__ABOUT THIS TASK__. Among the entries below, copy only the span from the line containing "313 Cleveland Ave, Manitowoc" through the line containing "پانسیون Chrystal Guest House". Do so exactly, and skip the pictures.

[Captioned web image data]
※ ※ ※

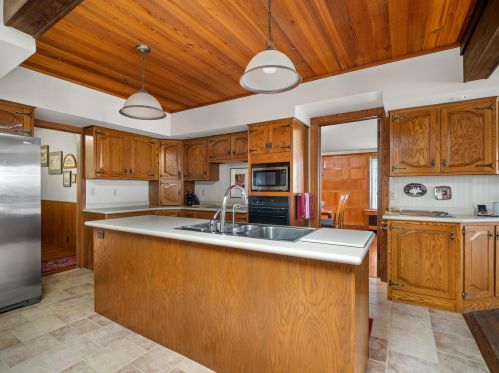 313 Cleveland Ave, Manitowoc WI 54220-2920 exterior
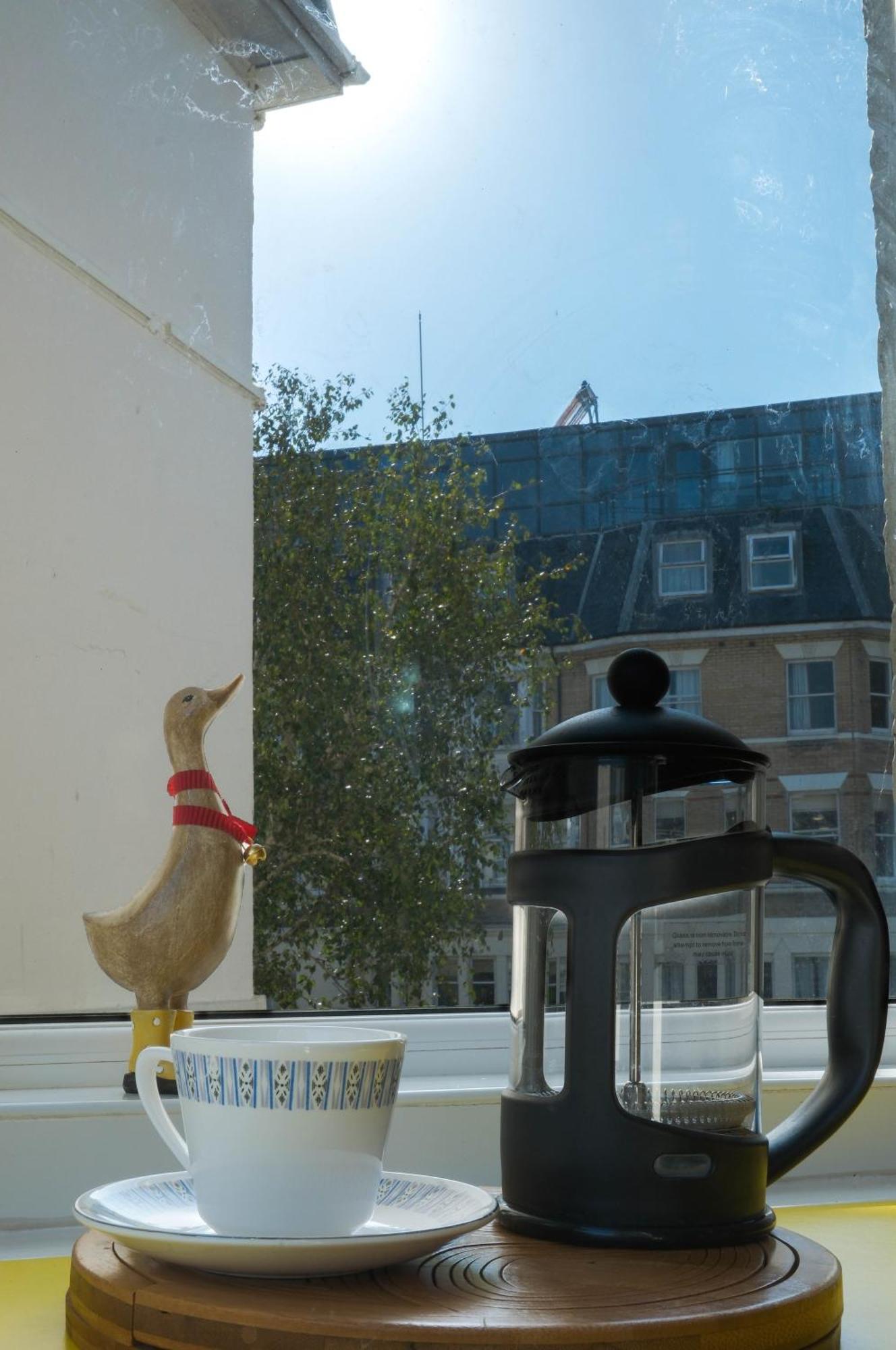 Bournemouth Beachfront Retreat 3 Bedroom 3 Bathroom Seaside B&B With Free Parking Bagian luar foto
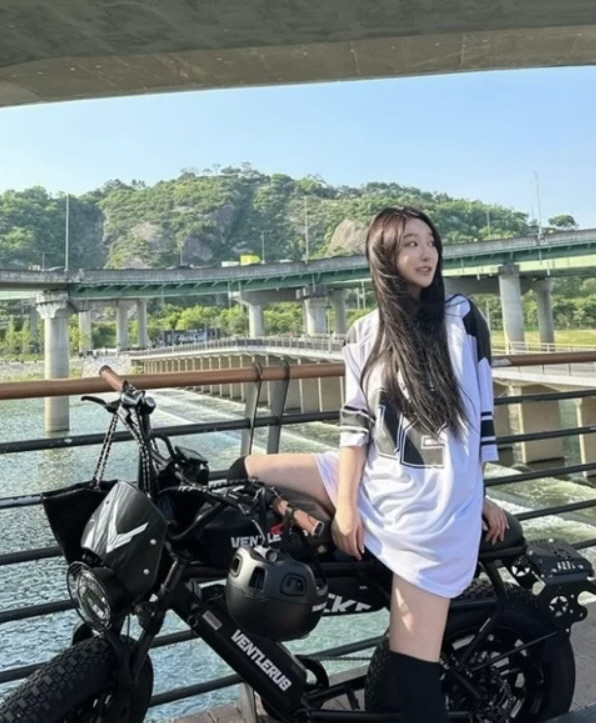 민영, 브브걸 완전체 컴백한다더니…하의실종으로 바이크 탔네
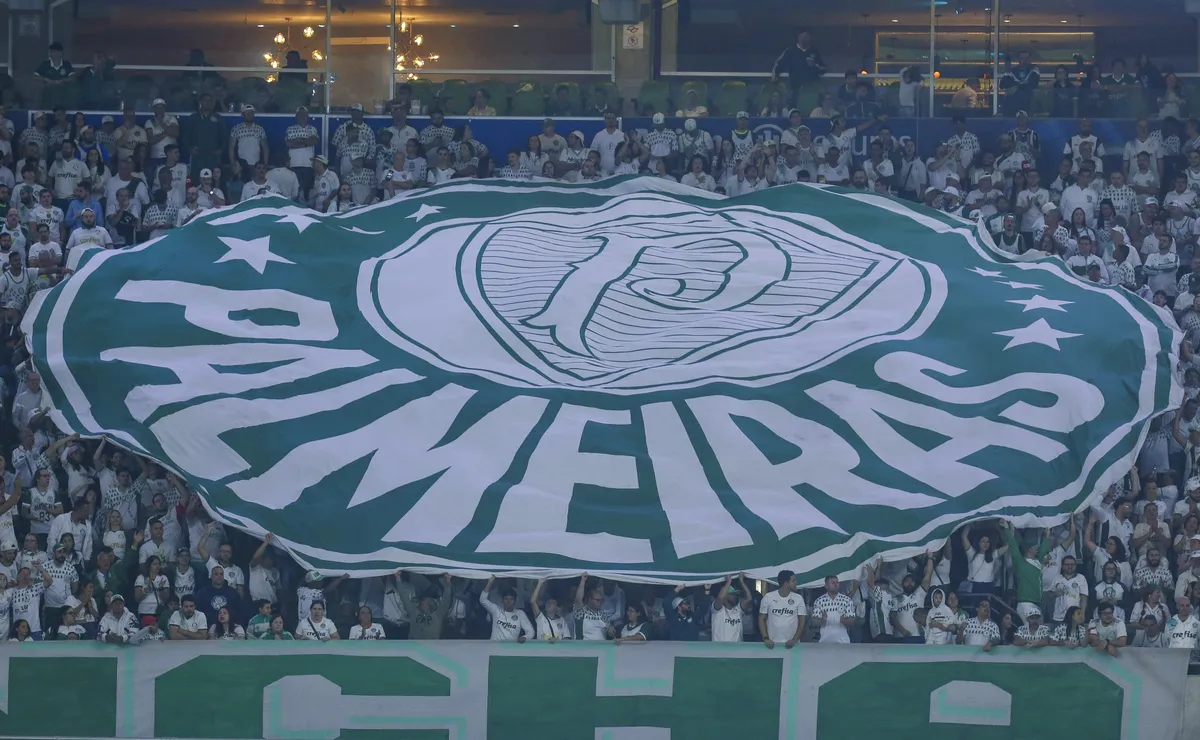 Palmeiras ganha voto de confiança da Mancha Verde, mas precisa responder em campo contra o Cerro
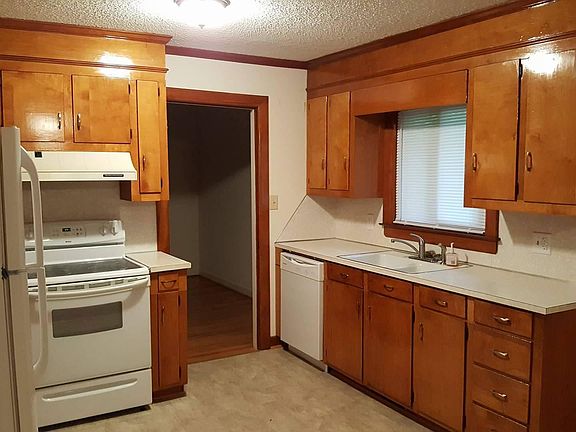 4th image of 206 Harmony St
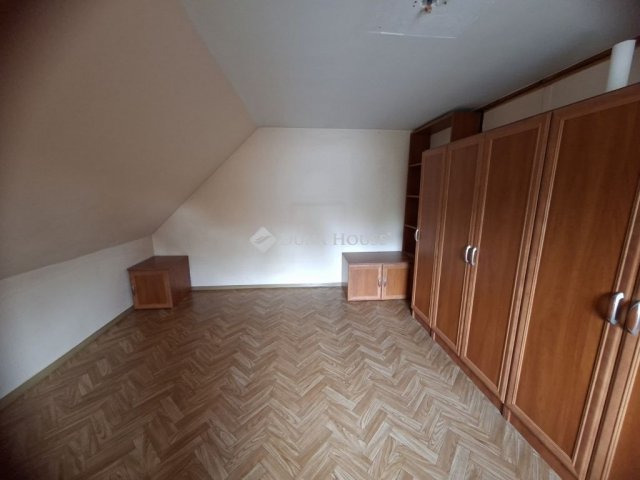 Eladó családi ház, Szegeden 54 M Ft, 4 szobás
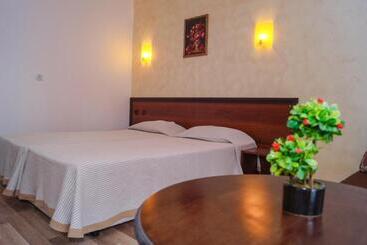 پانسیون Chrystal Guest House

※ ※ ※

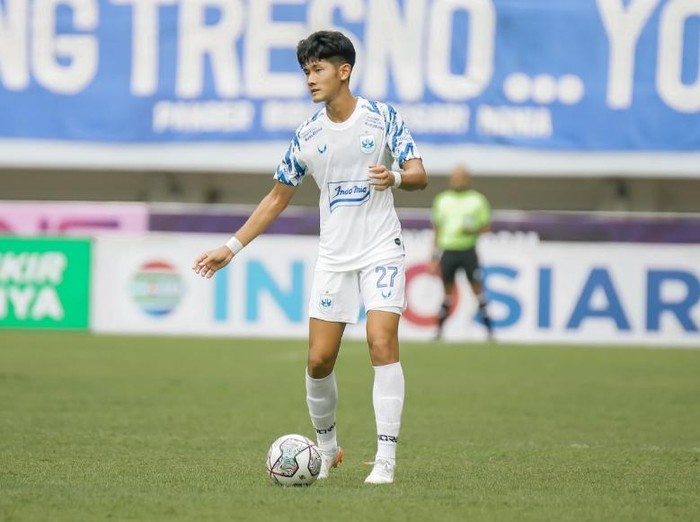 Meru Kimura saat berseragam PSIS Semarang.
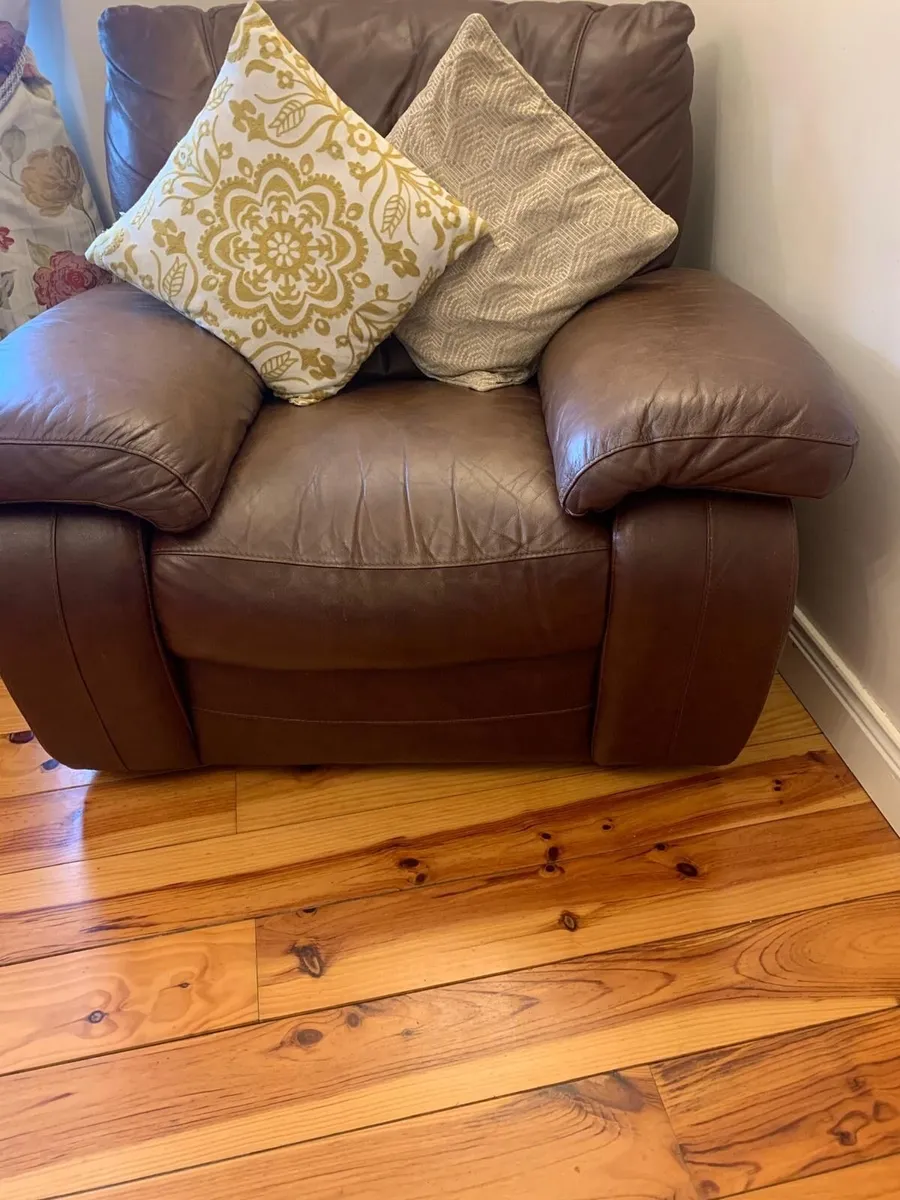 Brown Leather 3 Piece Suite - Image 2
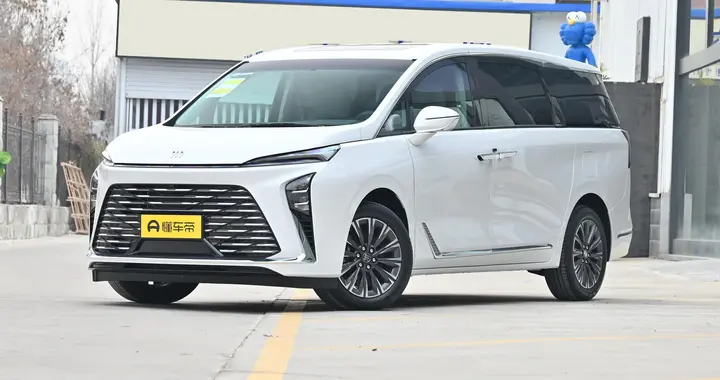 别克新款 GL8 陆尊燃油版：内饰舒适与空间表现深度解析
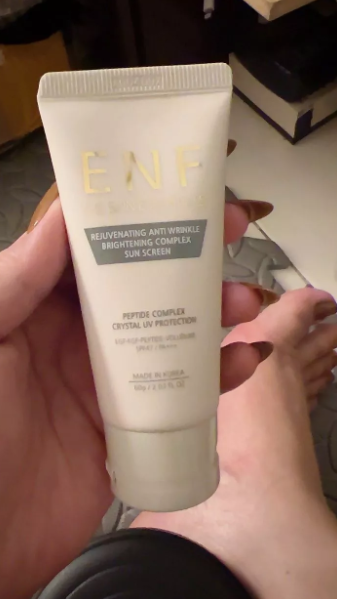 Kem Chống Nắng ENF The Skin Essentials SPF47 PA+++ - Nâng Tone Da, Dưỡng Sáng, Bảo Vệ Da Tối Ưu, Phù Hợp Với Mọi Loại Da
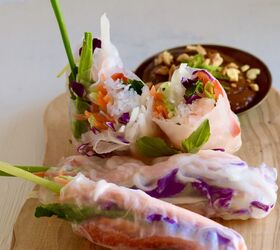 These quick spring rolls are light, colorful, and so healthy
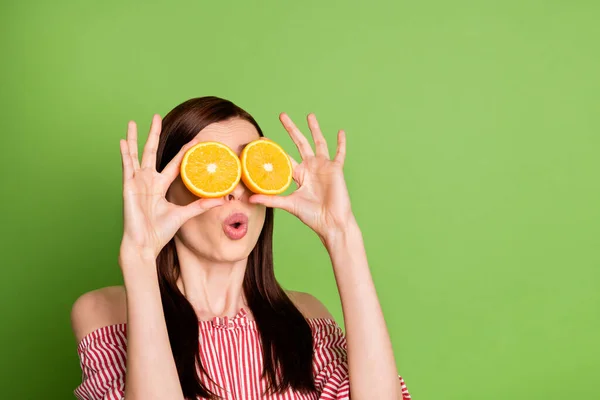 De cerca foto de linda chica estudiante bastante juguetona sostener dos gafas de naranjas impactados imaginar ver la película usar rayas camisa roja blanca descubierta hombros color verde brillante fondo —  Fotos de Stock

※ ※ ※

__RESULT OF THE TASK__.
 313 Cleveland Ave, Manitowoc WI 54220-2920 exterior
 Bournemouth Beachfront Retreat 3 Bedroom 3 Bathroom Seaside B&B With Free Parking Bagian luar foto
 민영, 브브걸 완전체 컴백한다더니…하의실종으로 바이크 탔네
 Palmeiras ganha voto de confiança da Mancha Verde, mas precisa responder em campo contra o Cerro
 4th image of 206 Harmony St
 Eladó családi ház, Szegeden 54 M Ft, 4 szobás
 پانسیون Chrystal Guest House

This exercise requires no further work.